The string of guiding lights is switched on and hundreds of feet stamp across the lobby, filling seats in the hall, getting ready for the matinee treat. In the darkness, a torch flashes, and a hand leads a late-comer to his seat, and asks another one politely to speak softly over the phone. He is your torch-bearing guide in theatre halls, who works to ensure a memorable experience for viewers.
From politely greeting customers and making sure they have tickets to sternly asking a drunk guest to leave — these uniform-clad ticket guides (ushers) in multiplexes, as they call themselves, do it all. Handling people who stick bubble gums on seat covers or spit tobacco is a challenge, says A.Abdul who works in a single screen theatre in T.Nagar. And there are times when a viewer needs immediate medical attention. Deftly tackling the situation so that the panic does not spread becomes our responsibility, says M. Rajakumar (24), an usher at Kamala theatre.
Solving brawls between viewers can often lead to tricky situations, say many ushers. There are some who come to watch movies after fights, and when they take out their anger by abusing us, it gets vey difficult to stay calm, says John Peter (24). As ushers are the first to be contacted when people lose an item, they carry a routine check to collect the left-over items. "I still cannot forget the relief on woman's face when I handed the 5 sovereigns ‘taali' she had lost here," says M. Nandakumar. Ushers in multiplexes get paid around Rs.4,500 a month, apart from the incentive they earn for promoting food items to the customers.
Some auditoriums in the city employ event managers who bring attendants, trained to handle people who come for music concerts and plays. R. Kumar, one such usher, says the job is slightly different here. Contrary to the popular notion that a niche crowd is manageable, Mr Kumar says, "Often people sing along with the artist or wolf-whistles even in such performances." Clad in smarter uniforms and paid around Rs.300 per show, Mr. Kumar says that since most concert halls restrict the entry of visitors during delivery of "powerful dialogues" and give more freedom to the usher to ask a viewer to go out, the job becomes easier.

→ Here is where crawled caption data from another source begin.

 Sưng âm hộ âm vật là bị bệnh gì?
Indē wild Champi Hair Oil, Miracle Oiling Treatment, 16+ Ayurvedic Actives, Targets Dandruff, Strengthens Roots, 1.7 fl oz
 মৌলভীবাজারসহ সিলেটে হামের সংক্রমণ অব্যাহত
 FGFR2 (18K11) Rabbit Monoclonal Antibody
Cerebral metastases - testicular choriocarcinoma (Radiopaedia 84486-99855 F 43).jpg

The situation in many single-screen theatres is rather grim as most ticket guides are paid quite low. Most come to the theatre as and when the shows begin and are paid not more than Rs. 2000 a month. Askar.M, a fourth standard dropout says, "Some of those who come to watch movies in single screen theatres are difficult to handle.”

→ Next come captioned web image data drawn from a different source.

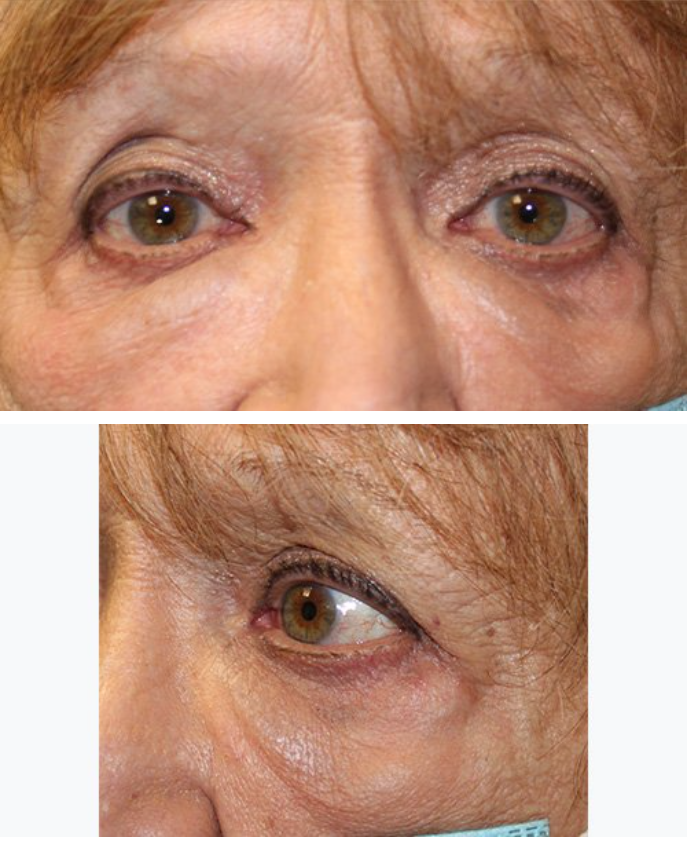Single Doxycycline Injection for Festoons Before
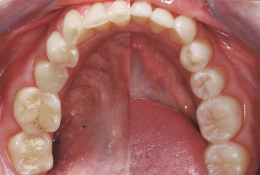 Sonrisas radiantes y salud bucal óptima: Descubre la Odontología Restauradora de Vanguardia en Rossell & Carol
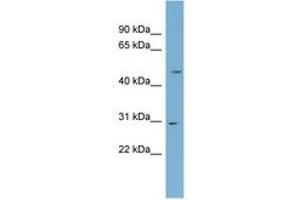 Image no. 1 for anti-NADH Dehydrogenase (Ubiquinone) Fe-S Protein 3, 30kDa (NADH-Coenzyme Q Reductase) (NDUFS3) (AA 179-228) antibody (ABIN6744092) (NDUFS3 antibody  (AA 179-228))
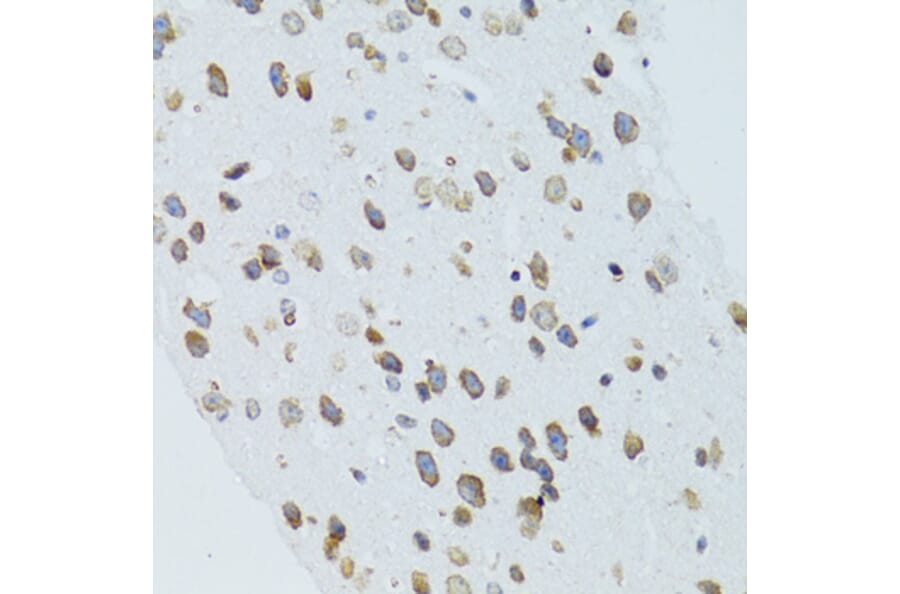 Immunohistochemistry - Anti-MOAP1 Antibody (A12599) - Antibodies.com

L. Rex, who has been working for 25 years, says the calling, though mundane it may seem, has its own share of lessons to offer. “Earlier, when there were no seat numbers, people would rush madly into the halls to capture seats. Tackling them was the actual work'', he says. Ask him about his favourite days, and he smiles. “The audience that comes to watch Kamal Haasan movies is so very different from the rest, and easier to manage''.

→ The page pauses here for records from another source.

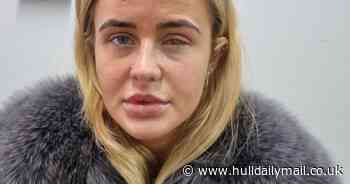 Woman blinded after getting lashes done with contact lenses in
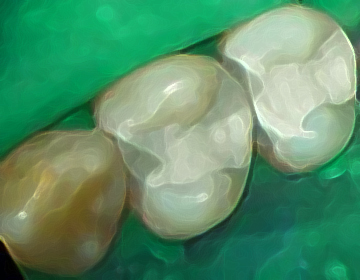 バランスをチェック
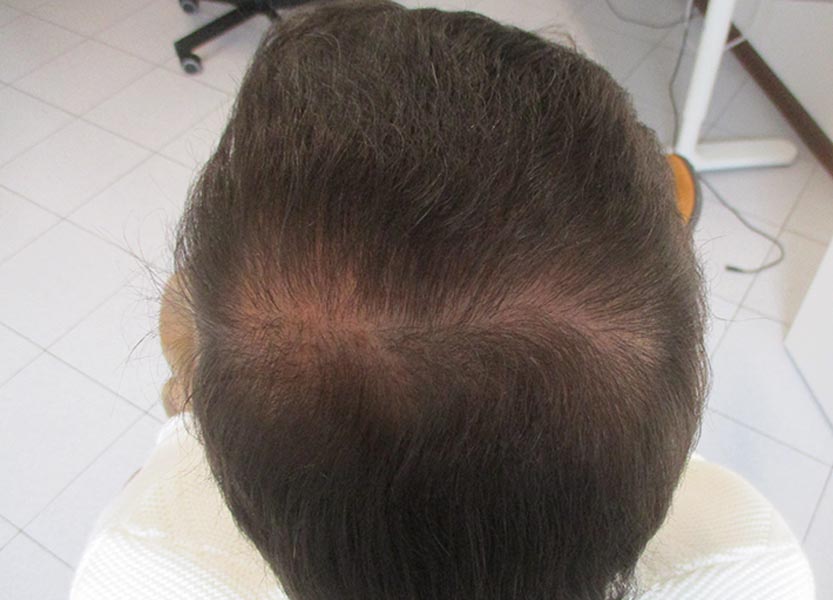 check-up capelli gratuito Reggio Emilia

And there are fun moments too.
While the ushers in single-screen theatres rejoice seeing mad crowds sway to the rhythm of drums on the release days, the ones in bigger movie halls have countless stories about the viewers they interact with every day. “Many times we carry persons with disabilities to their seat, the kind of gratitude that they show us is when we feel we are not that invisible,” says Mr. Nandakumar.